24 August 11:30 (UTC+3) at Helliniko Baseball Centre – Semi-final
| Team | 1 | 2 | 3 | 4 | 5 | 6 | 7 | 8 | 9 | R | H | E |
| Australia | 0 | 0 | 0 | 0 | 0 | 1 | 0 | 0 | 0 | 1 | 5 | 2 |
| Japan | 0 | 0 | 0 | 0 | 0 | 0 | 0 | 0 | 0 | 0 | 5 | 0 |
WP: Chris Oxspring (2–0) LP: Daisuke Matsuzaka (1–1) Sv: Jeff Williams (2) Boxscore

25 August 20:00 (UTC+3) at Helliniko Baseball Centre – Gold Medal Game
| Team | 1 | 2 | 3 | 4 | 5 | 6 | 7 | 8 | 9 | R | H | E |
| Cuba | 0 | 0 | 0 | 2 | 0 | 4 | 0 | 0 | 0 | 6 | 13 | 1 |
| Australia | 0 | 0 | 0 | 0 | 1 | 0 | 0 | 1 | 0 | 2 | 7 | 0 |
WP: Adiel Palma (3–0) LP: John Stephens (0–2) Sv: Danny Betancourt (2) Home runs: : Frederich Cepeda (2) : Paul Gonzalez (2) Boxscore

== Beijing, 2008 ==

The 2008 Olympic Games baseball tournament saw the introduction of an expanded qualification phase. At prior Games, the host nation automatically qualified along with the top two teams from the Americas, Europe and Asia, and the eighth team being determined by a playoff between the best team from Oceania and from Africa. In an attempt to make the qualification a fairer representation of the top baseball nations, this was adjusted to include:
- the host nation
- the top 2 teams from an Americas qualifying tournament
- the top team from the 2007 European Baseball Championship
- the top team from the 2007 Asian Baseball Championship
- the top 3 teams from the Final Olympic Qualifying Tournament, consisting of:
  - the 3rd & 4th placed American teams
  - the 2nd & 3rd placed European teams (in actuality, the 2nd placed Great Britain withdrew, and were replaced by 4th placed Germany)
  - the 2nd & 3rd placed Asian teams
  - the top team from an Oceania qualifying tournament
  - the top team from an African qualifying tournament

Despite the change to the qualification structure, there were concerns raised by Australia and Canada about the timing of the tournament. As the tournament was scheduled for March, many of the players who would have otherwise been selected for the Australian, Canadian, and Mexican teams were unavailable due to commitments in the American Major League system. Though the Minor League players were eligible to play both in the qualifying tournament and the main Olympic competition, many were unavailable either due to the Major League clubs denying individuals permission, or players on the cusp of promotion to Major League teams choosing to remain in spring training camp.
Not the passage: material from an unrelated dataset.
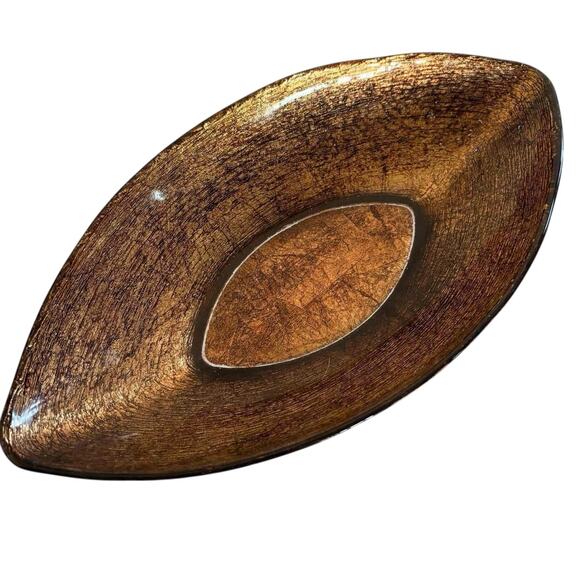 Bombay Company Oval Decorative Bowl Bronze Copper Textured Finish Centerpiece - Picture 1 of 8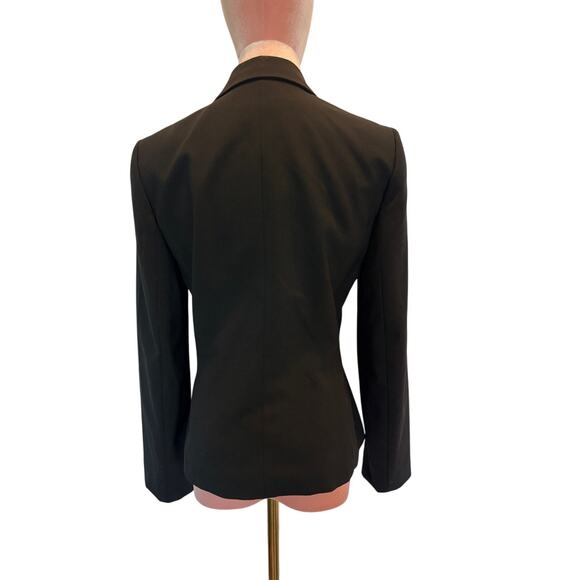 TAHARI ASL Black Blazer Jacket Lined Tapered Waist 2 Snap Close Size 4 - Picture 2 of 5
When New Zealand withdrew from the 2007 Oceania Baseball Championship—intended to be a five-game series between the two nations—Australia was automatically awarded the Oceania berth in the Final Olympic Qualifying Tournament.

=== Warm-up ===
A series of exhibition games were scheduled, both to give match practice to the players, and also to serve as selection trials for the tournament itself. Two games were played against the New South Wales Patriots—a state side—in Sydney. As some of the players in the Australian team would likely come from the Patriots, New South Wales selected its team first for the two games. Given the lack of match practice at the international level, an additional series was organised, with Australia hosting Canada in what was originally going to be a four-game series. However five games were held, two in Brisbane and three on the Gold Coast. The Patriots won their series 1–0, and Canada won theirs 3–1, with one game drawn after 9 innings in each series.

----

=== Qualifying ===
Four days after the exhibition series on home soil, Australia competed in a round-robin format against Canada, Chinese Taipei, Germany, Mexico, South Africa, South Korea and Spain. Australia failed to qualify for the Olympic Games, finishing the tournament in 5th position. Their largest defeat in the tournament proved to be the decisive game for them, despite being only their second: had Australia beaten South Korea, rather than losing to them 16–2 in a mercy rule shortened game, Australia would have finished the tournament in 3rd, South Korea in 4th and Mexico 5th. This is particularly interesting, given that South Korea went on to win gold at Beijing.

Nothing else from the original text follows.